It's interesting to see different perspectives. I didn't get that at all. Phoebe had been previously established as having a hard time making friends. Ghost-Girl roughly her same age shows up and Phoebe found another outcast who she could identify with an be friends with. I think trying to do anything romantic there cheapens that story.

I actually do disagree with others who say Phoebe shouldn't be the main focus going forward. She's a great character, and she's also the only one of the Spengler-Grooberson family who feels like a fully realized one.

I don't think many are really saying Phoebe shouldn't be the focus, it's more that Phoebe being the focus without a stronger ensemble might be strong enough to carry a movie. One of the exact problems is that they really botched the development of the other characters. Callie is... fine as essentially "the straight man" and voice of sanity, a character archetype that doesn't necessarily need a ton of development. The character development just needs to establish some kind of credibility as being reasonable, which she has. Grooberson is... fine? Trevor was the big miss, his character development consisting of "I'm present. And 18."

I also seem to be the only one who likes Podcast; I love his sense of humor, and he would work great as the new Ghostbusters' PR/hype man in the digital era.

Yeah. Podcast is terrible. I like the idea of a digital era hypeman. I don't like it being Podcast.

Unless the box office craters after opening weekend, I do think we'll at least get one more movie, but it did feel like Sony really want to do more than just a direct sequel. I'm open to it as long as they don't run it into the ground (which they will if they can).

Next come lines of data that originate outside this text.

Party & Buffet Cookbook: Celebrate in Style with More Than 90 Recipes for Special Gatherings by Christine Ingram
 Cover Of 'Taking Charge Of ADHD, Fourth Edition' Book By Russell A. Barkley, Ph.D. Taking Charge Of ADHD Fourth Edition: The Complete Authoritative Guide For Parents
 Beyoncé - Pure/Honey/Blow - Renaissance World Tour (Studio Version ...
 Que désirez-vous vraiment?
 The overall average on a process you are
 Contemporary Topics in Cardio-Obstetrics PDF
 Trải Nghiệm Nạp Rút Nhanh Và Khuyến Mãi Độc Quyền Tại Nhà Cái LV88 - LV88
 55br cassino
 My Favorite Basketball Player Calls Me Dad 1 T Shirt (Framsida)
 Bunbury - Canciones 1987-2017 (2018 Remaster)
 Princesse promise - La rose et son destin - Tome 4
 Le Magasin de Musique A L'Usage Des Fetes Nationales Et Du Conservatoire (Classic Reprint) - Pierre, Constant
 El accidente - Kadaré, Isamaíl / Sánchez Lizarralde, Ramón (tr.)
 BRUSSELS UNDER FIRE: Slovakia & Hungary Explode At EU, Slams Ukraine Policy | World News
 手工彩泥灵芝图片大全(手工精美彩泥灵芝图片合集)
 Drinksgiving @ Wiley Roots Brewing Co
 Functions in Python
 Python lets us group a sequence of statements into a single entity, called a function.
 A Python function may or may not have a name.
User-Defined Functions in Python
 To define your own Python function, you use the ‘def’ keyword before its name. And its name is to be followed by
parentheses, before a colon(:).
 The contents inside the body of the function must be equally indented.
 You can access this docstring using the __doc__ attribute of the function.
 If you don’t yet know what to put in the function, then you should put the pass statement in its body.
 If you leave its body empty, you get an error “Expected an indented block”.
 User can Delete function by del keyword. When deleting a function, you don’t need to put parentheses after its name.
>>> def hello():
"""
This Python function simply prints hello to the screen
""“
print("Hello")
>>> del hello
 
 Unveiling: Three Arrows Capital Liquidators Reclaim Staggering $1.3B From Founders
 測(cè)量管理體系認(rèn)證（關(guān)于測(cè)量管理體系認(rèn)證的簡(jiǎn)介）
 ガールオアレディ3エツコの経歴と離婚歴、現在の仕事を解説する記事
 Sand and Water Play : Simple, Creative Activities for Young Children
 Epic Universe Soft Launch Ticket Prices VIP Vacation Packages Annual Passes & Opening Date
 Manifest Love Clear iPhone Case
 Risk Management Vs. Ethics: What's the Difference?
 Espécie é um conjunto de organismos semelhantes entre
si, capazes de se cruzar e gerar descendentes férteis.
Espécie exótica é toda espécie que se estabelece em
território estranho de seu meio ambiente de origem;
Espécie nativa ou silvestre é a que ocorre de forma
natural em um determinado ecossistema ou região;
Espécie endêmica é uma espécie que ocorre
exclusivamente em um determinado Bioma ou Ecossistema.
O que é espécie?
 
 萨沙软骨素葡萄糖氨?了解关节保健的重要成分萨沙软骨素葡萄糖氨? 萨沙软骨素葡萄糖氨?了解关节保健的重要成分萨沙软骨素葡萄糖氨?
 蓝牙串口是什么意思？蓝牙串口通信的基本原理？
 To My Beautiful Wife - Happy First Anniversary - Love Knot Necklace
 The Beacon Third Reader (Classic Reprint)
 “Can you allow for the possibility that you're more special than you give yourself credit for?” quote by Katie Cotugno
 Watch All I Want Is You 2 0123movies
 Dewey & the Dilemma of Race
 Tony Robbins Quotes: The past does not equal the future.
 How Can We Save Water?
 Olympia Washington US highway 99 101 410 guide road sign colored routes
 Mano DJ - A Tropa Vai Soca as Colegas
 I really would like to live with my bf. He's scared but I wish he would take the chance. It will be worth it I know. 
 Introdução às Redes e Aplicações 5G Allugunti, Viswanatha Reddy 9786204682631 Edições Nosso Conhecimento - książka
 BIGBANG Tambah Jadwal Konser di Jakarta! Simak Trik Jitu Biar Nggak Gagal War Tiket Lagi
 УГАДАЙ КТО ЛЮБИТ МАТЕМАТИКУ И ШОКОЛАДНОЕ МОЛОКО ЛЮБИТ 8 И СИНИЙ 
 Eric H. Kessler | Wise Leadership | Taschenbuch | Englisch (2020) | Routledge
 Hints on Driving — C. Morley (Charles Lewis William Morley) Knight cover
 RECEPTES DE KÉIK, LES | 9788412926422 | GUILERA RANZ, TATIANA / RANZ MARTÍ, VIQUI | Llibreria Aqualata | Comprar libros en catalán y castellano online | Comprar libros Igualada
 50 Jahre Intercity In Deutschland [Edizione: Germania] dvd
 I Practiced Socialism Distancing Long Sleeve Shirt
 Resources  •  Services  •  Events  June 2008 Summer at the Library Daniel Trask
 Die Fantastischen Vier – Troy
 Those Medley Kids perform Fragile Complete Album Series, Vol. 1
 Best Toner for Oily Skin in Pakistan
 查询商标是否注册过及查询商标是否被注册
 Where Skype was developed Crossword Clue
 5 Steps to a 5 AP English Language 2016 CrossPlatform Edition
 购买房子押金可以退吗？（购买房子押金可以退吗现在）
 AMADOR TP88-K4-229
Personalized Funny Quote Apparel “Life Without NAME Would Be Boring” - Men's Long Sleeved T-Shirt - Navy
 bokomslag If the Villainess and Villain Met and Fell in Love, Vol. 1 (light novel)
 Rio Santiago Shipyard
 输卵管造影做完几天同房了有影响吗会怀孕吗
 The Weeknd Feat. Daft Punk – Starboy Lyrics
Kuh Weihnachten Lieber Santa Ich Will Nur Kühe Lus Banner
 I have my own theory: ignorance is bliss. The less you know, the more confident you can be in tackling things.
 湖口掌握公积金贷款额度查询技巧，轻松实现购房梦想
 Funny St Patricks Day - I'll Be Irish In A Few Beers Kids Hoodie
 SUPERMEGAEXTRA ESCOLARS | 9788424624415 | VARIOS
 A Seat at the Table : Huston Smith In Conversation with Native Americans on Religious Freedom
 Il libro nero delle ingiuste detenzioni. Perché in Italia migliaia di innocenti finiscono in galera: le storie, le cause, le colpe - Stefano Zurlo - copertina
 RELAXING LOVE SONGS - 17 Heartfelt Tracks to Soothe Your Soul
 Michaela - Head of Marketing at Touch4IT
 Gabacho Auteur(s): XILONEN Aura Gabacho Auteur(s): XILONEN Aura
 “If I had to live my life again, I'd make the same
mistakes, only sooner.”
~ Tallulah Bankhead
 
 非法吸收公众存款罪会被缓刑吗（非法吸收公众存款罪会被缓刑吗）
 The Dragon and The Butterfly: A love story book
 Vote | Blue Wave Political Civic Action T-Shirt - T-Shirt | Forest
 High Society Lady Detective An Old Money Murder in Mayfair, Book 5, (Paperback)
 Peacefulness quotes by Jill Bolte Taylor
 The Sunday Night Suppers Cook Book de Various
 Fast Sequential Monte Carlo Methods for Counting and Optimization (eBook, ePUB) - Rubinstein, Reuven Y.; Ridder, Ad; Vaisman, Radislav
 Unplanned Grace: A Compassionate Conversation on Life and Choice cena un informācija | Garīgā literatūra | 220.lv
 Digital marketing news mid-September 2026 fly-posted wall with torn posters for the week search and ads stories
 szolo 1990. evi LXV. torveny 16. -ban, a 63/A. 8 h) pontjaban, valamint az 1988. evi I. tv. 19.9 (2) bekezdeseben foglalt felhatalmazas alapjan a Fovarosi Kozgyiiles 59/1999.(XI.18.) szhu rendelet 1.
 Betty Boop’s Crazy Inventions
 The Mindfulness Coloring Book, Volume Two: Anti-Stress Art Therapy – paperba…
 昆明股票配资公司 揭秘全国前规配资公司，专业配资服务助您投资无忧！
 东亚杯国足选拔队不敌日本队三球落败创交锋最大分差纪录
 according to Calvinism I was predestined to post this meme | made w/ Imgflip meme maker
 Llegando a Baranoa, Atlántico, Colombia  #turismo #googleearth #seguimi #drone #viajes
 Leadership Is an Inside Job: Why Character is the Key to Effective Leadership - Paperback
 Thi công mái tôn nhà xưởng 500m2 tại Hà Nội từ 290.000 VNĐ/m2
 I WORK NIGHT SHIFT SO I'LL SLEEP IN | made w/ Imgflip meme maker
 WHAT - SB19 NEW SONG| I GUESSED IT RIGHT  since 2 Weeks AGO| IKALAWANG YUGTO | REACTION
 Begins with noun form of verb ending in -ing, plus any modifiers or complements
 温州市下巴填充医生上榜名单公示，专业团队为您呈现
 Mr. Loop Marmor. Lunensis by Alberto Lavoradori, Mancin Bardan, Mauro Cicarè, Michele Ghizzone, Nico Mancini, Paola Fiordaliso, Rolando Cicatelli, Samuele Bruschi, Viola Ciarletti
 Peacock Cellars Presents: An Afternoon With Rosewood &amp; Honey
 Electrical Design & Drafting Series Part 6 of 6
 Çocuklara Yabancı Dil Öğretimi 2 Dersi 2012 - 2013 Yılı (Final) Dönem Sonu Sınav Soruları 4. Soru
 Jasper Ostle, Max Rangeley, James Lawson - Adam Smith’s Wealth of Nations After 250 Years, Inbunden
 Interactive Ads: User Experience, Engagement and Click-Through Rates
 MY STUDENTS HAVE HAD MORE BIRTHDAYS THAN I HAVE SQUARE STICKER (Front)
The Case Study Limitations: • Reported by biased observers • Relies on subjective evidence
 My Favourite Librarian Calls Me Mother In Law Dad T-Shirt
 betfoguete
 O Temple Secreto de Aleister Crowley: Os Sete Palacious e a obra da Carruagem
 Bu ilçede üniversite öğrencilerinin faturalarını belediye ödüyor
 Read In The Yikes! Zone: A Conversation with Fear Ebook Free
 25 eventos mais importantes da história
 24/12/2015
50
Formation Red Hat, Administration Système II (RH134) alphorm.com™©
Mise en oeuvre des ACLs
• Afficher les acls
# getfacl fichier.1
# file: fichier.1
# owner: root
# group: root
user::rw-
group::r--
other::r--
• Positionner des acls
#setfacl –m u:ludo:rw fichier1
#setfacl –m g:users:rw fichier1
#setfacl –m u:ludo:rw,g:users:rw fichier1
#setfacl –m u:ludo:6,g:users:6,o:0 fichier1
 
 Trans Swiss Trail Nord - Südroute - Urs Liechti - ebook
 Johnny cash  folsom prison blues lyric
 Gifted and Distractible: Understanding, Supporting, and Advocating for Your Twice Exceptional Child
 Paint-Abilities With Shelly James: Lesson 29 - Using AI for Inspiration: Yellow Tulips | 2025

Sony desperately wants a big franchise. This COULD be it, but Sony... is Sony and is terrible at this. Even going by the two new movies, i'm going to keep harping on this... they didn't "pass the torch" well, because they just piled on new characters without actually developing most of them. Do I REALLY want to see a Ghostbusters movie without the old guys and the just the Spenglers, Podcast and Lucky? The answer is... not really? I would watch it... and hope that it's good... but I have a hard time getting excited about it because I just don't particularly care about any of the characters short of Phoebe... and I barely care about Phoebe.

That said, I do think a movie with just them could work, but cut the bloat out of the cast. Again, ditch Podcast and Lucky. Callie, Gary, Trevor and Phoebe can handle it, give them more time to shine individually. If you can get any of the old guys again, cool have them present but not really part of the story. Don't bother with Bill Murray again, have Ernie Hudson in a small role as the Big Boss, and if Akroyd will do it again, have him hanging out. Give him the Patton Oswalt-type role, they need information, they go to Ray.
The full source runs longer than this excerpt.